5. Di samping usaha-usaha yang bersifat medis, MUI Sumbar
menyampaikan bahwa seluruh umat Islam harus menjadikan do'a dan tilawah
al-Qur'an sebagai wasilah untuk mendapatkan kesembuhan dan perlindungan dari
Allah swt. Karena itu, umat Islam terutama di Sumatera Barat agar meningkatkan
ibadah serta merutinkan tilawah al-Qur'an terutama sesudah sholat subuh dan
maghrib.
II. Taujihat
Sehubungan dengan pelaksanaan ibadah pada Hari Raya Idul
Adha, maka kami menyampaikan arahan sebagai berikut;
a) Sholat Idul Adha tetap dilaksanakan sesuai tuntunan
syari'at tanpa meninggalkan protokol kesehatan yang diperketat.
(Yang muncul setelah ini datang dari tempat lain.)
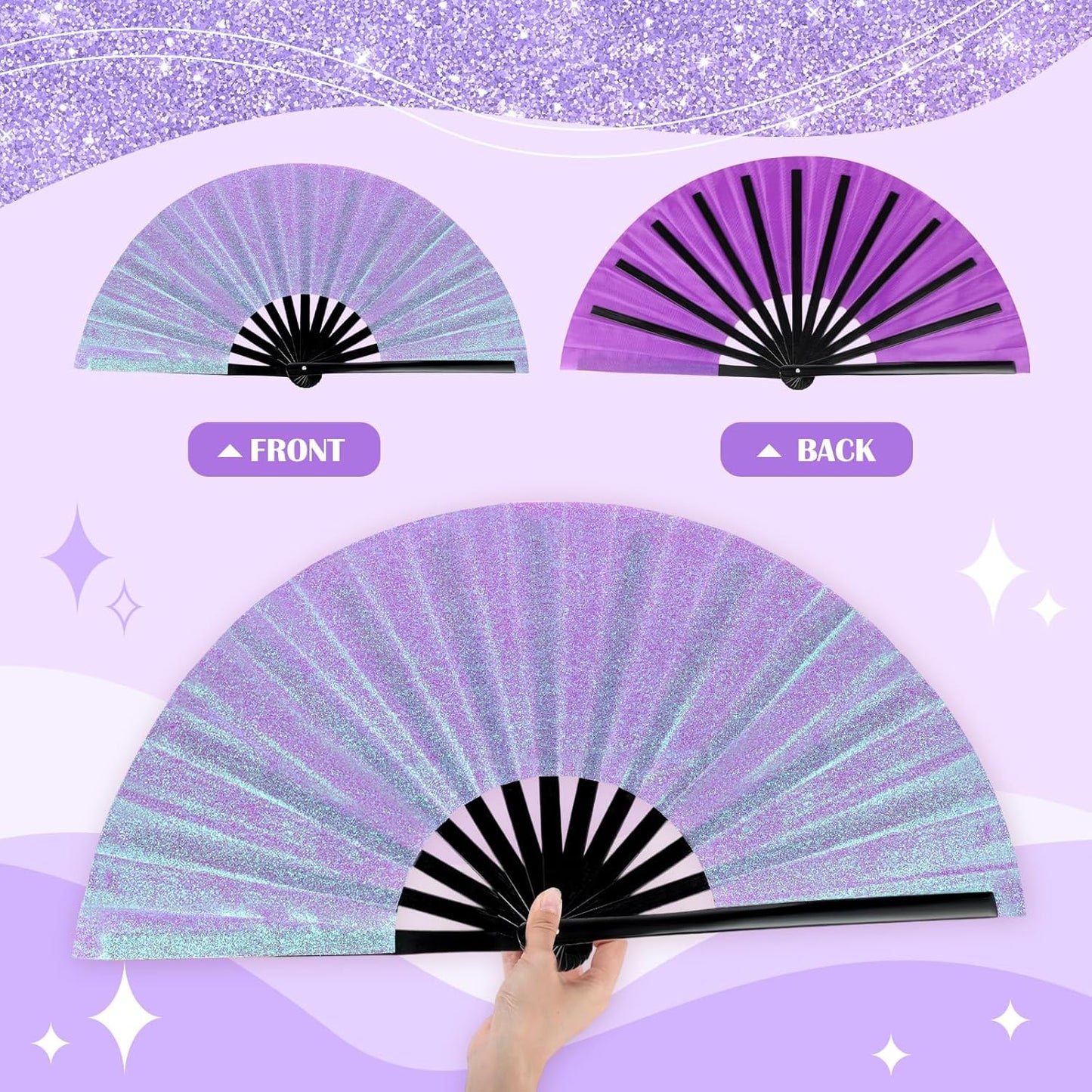 Maitys 2 Packs Large Clap Fans for Line Dancing Large Chinese Folding Hand Fans for Men and Women, Festival, Tai Ji, Kungfu, Martial Art, Gifts (Glitter Pink Purple)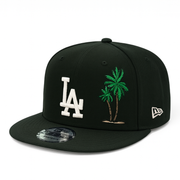 front view of Los Angeles Dodgers New Era Palm Tree 9FIFTY Snapback Hat - Black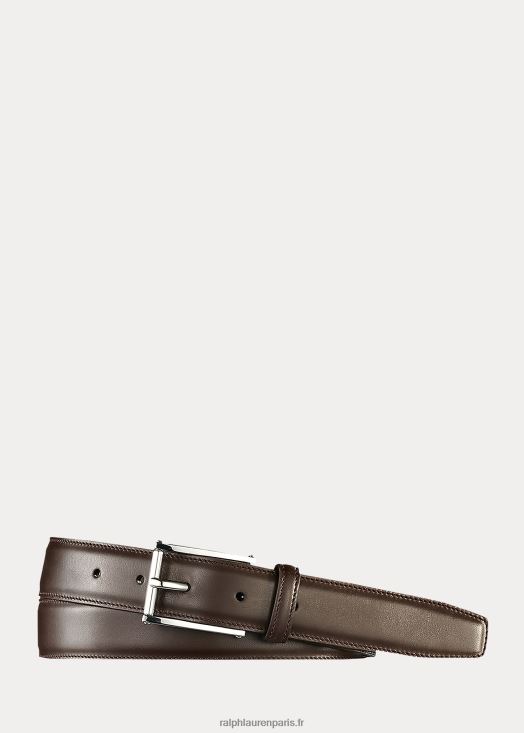 ceinture à boucle 46T60T9043 Hommes Ralph Lauren marron foncé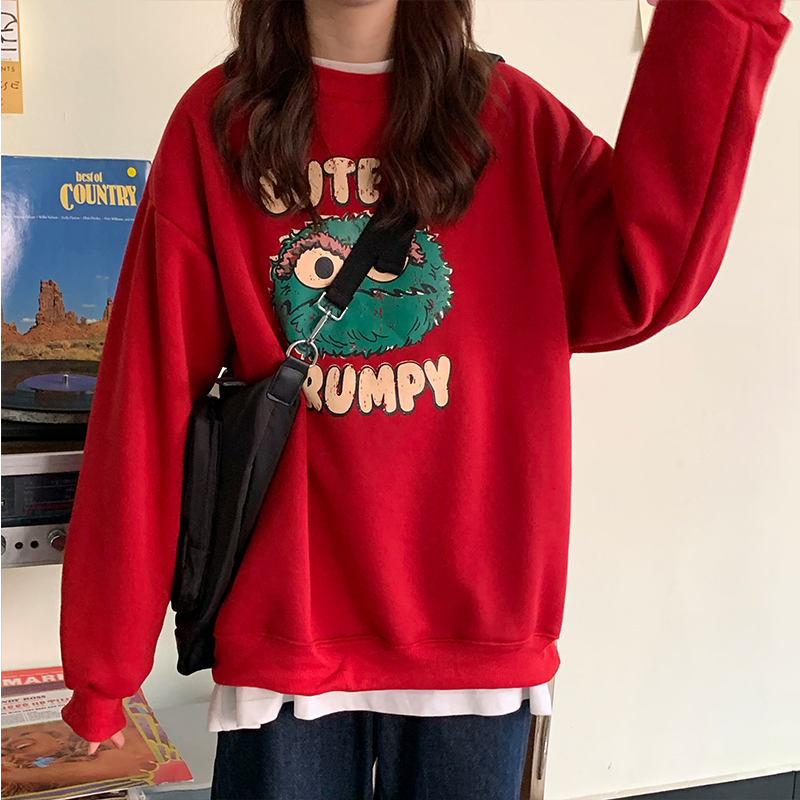 Áo Thun Mùa Đông Dáng Rộng In Hình Hoạt Hình Vui Nhộn Phong Cách Hàn Quốc Giản Dị Cho Nữ | BigBuy360 - bigbuy360.vn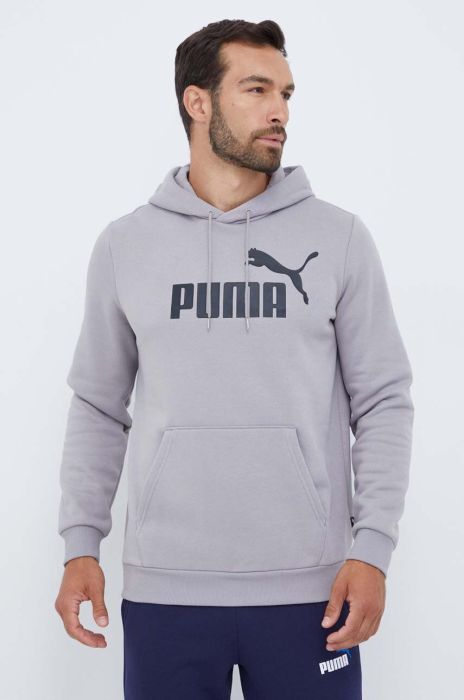Кофта Puma чоловіча колір сірий з капюшоном з принтом (3448797)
b) Sholat berjamaah dilakukan sesuai tuntunan Rasulullah saw
yaitu dengan merapatkan shaff, namun pelaksanaan kegiatan lainnya seperti dalam
mendengarkan khutbah, dilakukan dengan menjaga jarak serta memakai masker.
c) Pelaksanaan Sholat dan Khutbah ditunaikan secara
"iqtishad" (sederhana) dengan membaca ayat-ayat pendek serta
meringkaskan khutbah.
d) Menggunakan masker ketika sholat dalam kondisi normal
adalah makruh, namun ketika dalam keadaan hajat adalah boleh digunakan bahkan
bisa dianjurkan dalam keadaan darurat.
e) Kepada Pengurus masjid musholla/surau ataupun panitia
penyelenggara hari raya agar membentuk tim/relawan yang bertugas untuk
mengawasi penerapan protokol kesehatan pencegahan penularan Covid-19, serta
menyediakan masker sebagai antisipasi jika ada jamaah yang terlupa membawa
masker.
f) Kepada pihak terkait, seperti BPBD/Satgas dan lainnya,
diharapkan ikut membantu penyediaan alat/sarana prokes pada tempat-tempat
penyelenggaraan sholat idul Adha
g) Untuk mencegah berhimpunnya jamaah yang sangat banyak,
maka pelaksanaan Sholat Idul Adha di suatu daerah atau kenagarian yang tingkat
wabahnya tidak terkendali, diharapkan tidak terfokus pada satu tempat saja.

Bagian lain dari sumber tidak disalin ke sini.